:: DATA RECORDS ::
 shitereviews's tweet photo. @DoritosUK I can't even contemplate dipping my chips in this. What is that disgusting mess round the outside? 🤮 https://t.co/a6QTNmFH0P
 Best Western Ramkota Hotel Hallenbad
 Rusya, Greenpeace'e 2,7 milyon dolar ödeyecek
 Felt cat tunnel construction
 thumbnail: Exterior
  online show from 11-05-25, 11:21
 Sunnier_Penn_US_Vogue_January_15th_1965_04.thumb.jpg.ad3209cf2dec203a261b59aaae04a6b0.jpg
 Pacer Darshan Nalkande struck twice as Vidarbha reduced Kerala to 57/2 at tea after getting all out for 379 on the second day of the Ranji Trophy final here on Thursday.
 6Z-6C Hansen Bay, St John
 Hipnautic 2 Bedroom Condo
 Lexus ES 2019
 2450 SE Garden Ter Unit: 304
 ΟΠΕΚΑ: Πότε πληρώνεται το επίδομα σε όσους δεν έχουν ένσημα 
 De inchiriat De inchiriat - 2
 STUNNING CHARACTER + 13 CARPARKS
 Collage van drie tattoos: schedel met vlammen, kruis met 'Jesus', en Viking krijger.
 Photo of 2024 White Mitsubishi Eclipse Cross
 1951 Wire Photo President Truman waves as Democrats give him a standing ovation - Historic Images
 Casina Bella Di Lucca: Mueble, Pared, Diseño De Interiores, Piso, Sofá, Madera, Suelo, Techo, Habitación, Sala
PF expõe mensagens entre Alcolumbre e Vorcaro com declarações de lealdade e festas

:: WHAT TO WORK ON ::
Print the records again, exactly as they stand above.

:: PROBLEM SOLUTION ::
 shitereviews's tweet photo. @DoritosUK I can't even contemplate dipping my chips in this. What is that disgusting mess round the outside? 🤮 https://t.co/a6QTNmFH0P
 Best Western Ramkota Hotel Hallenbad
 Rusya, Greenpeace'e 2,7 milyon dolar ödeyecek
 Felt cat tunnel construction
 thumbnail: Exterior
  online show from 11-05-25, 11:21
 Sunnier_Penn_US_Vogue_January_15th_1965_04.thumb.jpg.ad3209cf2dec203a261b59aaae04a6b0.jpg
 Pacer Darshan Nalkande struck twice as Vidarbha reduced Kerala to 57/2 at tea after getting all out for 379 on the second day of the Ranji Trophy final here on Thursday.
 6Z-6C Hansen Bay, St John
 Hipnautic 2 Bedroom Condo
 Lexus ES 2019
 2450 SE Garden Ter Unit: 304
 ΟΠΕΚΑ: Πότε πληρώνεται το επίδομα σε όσους δεν έχουν ένσημα 
 De inchiriat De inchiriat - 2
 STUNNING CHARACTER + 13 CARPARKS
 Collage van drie tattoos: schedel met vlammen, kruis met 'Jesus', en Viking krijger.
 Photo of 2024 White Mitsubishi Eclipse Cross
 1951 Wire Photo President Truman waves as Democrats give him a standing ovation - Historic Images
 Casina Bella Di Lucca: Mueble, Pared, Diseño De Interiores, Piso, Sofá, Madera, Suelo, Techo, Habitación, Sala
PF expõe mensagens entre Alcolumbre e Vorcaro com declarações de lealdade e festas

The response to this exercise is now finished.